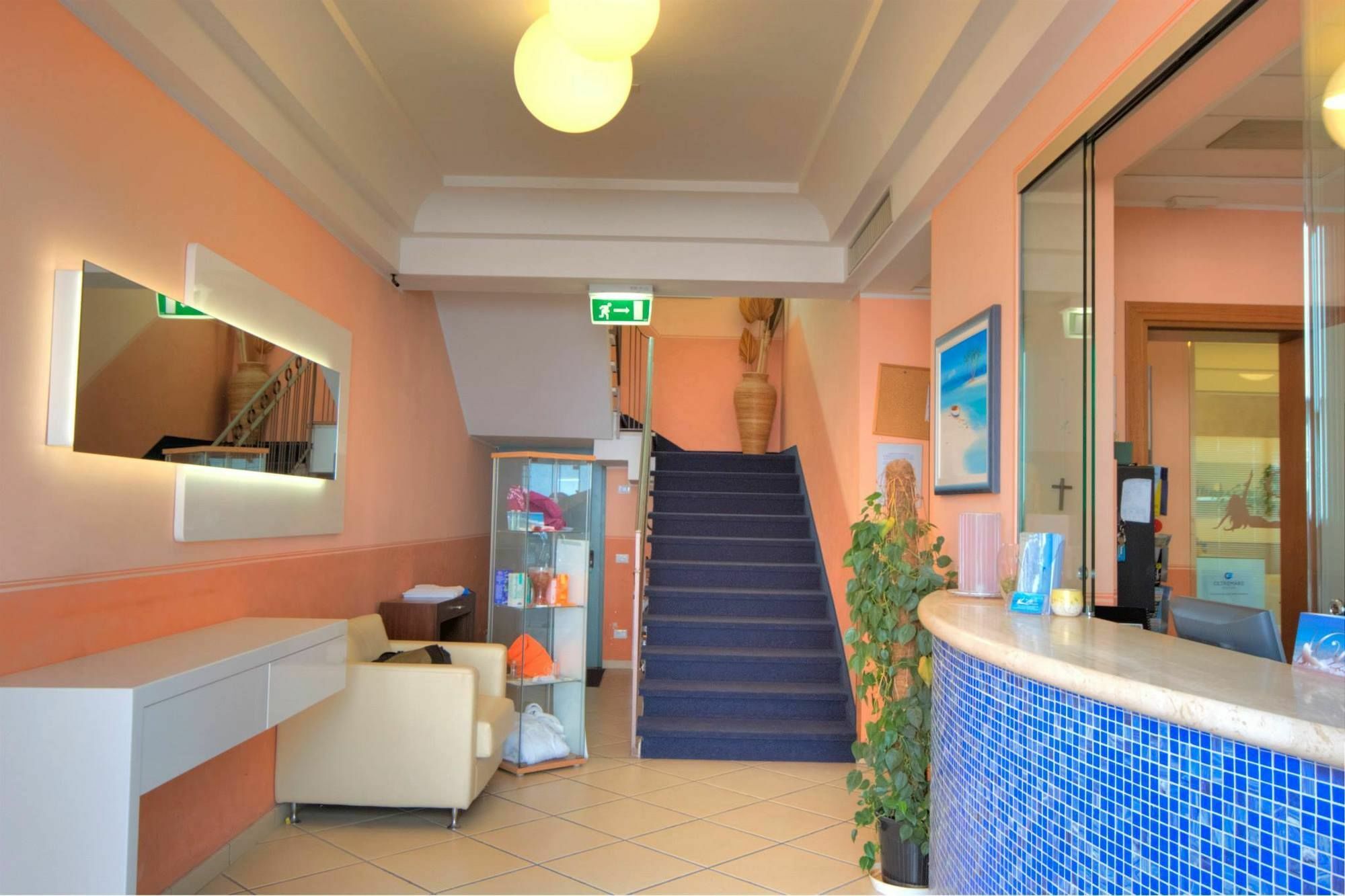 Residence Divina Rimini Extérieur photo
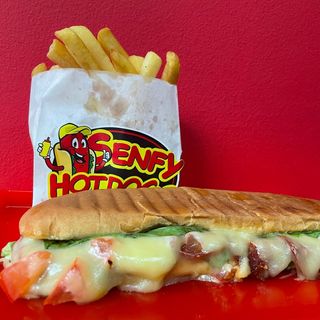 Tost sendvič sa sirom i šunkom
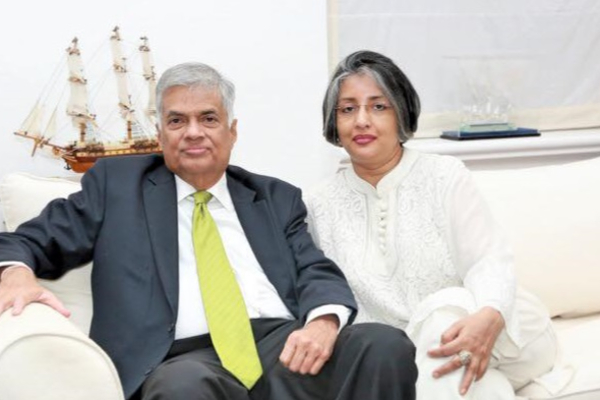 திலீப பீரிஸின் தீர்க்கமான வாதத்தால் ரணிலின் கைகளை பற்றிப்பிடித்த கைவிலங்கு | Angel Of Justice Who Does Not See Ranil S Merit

--- Work task ---
Could you return the whole listing exactly, images excluded?

--- Expected output ---
 Residence Divina Rimini Extérieur photo
 Tost sendvič sa sirom i šunkom
 திலீப பீரிஸின் தீர்க்கமான வாதத்தால் ரணிலின் கைகளை பற்றிப்பிடித்த கைவிலங்கு | Angel Of Justice Who Does Not See Ranil S Merit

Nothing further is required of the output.